**REQUIRED ACTION**
Would you reproduce, without any alteration, the lines from the opening line of the entries through the line that has "ngực thể thao" in it?

(Caption-style text data)
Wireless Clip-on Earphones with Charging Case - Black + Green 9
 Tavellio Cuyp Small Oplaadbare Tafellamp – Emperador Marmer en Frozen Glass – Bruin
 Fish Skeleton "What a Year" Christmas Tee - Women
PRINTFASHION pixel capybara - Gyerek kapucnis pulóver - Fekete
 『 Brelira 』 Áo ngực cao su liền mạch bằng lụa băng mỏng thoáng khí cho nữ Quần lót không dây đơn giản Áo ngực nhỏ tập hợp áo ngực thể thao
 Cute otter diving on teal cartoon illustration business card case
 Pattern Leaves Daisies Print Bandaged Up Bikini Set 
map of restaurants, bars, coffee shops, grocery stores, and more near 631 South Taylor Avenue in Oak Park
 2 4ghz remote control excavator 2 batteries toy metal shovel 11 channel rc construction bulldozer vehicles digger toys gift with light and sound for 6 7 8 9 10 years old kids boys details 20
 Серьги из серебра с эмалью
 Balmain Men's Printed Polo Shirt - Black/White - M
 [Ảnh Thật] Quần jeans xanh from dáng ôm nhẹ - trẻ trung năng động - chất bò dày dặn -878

**EXPECTED ANSWER**
Wireless Clip-on Earphones with Charging Case - Black + Green 9
 Tavellio Cuyp Small Oplaadbare Tafellamp – Emperador Marmer en Frozen Glass – Bruin
 Fish Skeleton "What a Year" Christmas Tee - Women
PRINTFASHION pixel capybara - Gyerek kapucnis pulóver - Fekete
 『 Brelira 』 Áo ngực cao su liền mạch bằng lụa băng mỏng thoáng khí cho nữ Quần lót không dây đơn giản Áo ngực nhỏ tập hợp áo ngực thể thao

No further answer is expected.